_TASK REQUIREMENTS_: Return, word for word, only the lines of the data below that lie between the line with "Building Photo - Rocklin" and the line with "Building Photo - 100 Clearbrook Rd", those two lines included.

***** SUPPLIED RECORDS *****

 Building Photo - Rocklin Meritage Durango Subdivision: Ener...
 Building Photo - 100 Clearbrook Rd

*****
***** SUPPLIED RECORDS *****

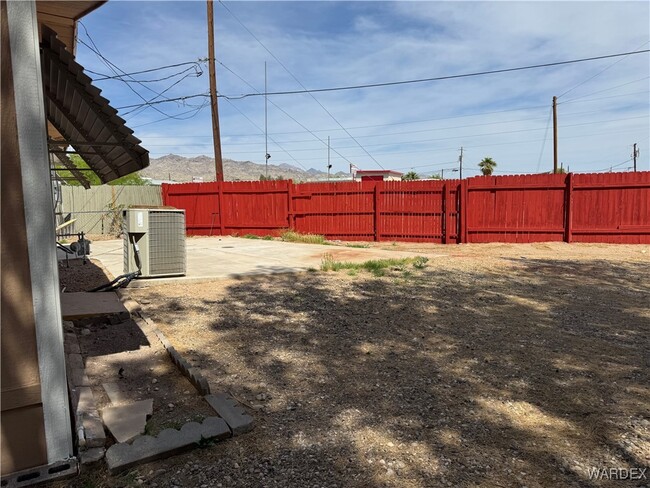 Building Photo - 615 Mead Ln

*****

_RESPONSE BOX_:
 Building Photo - Rocklin Meritage Durango Subdivision: Ener...
 Building Photo - 100 Clearbrook Rd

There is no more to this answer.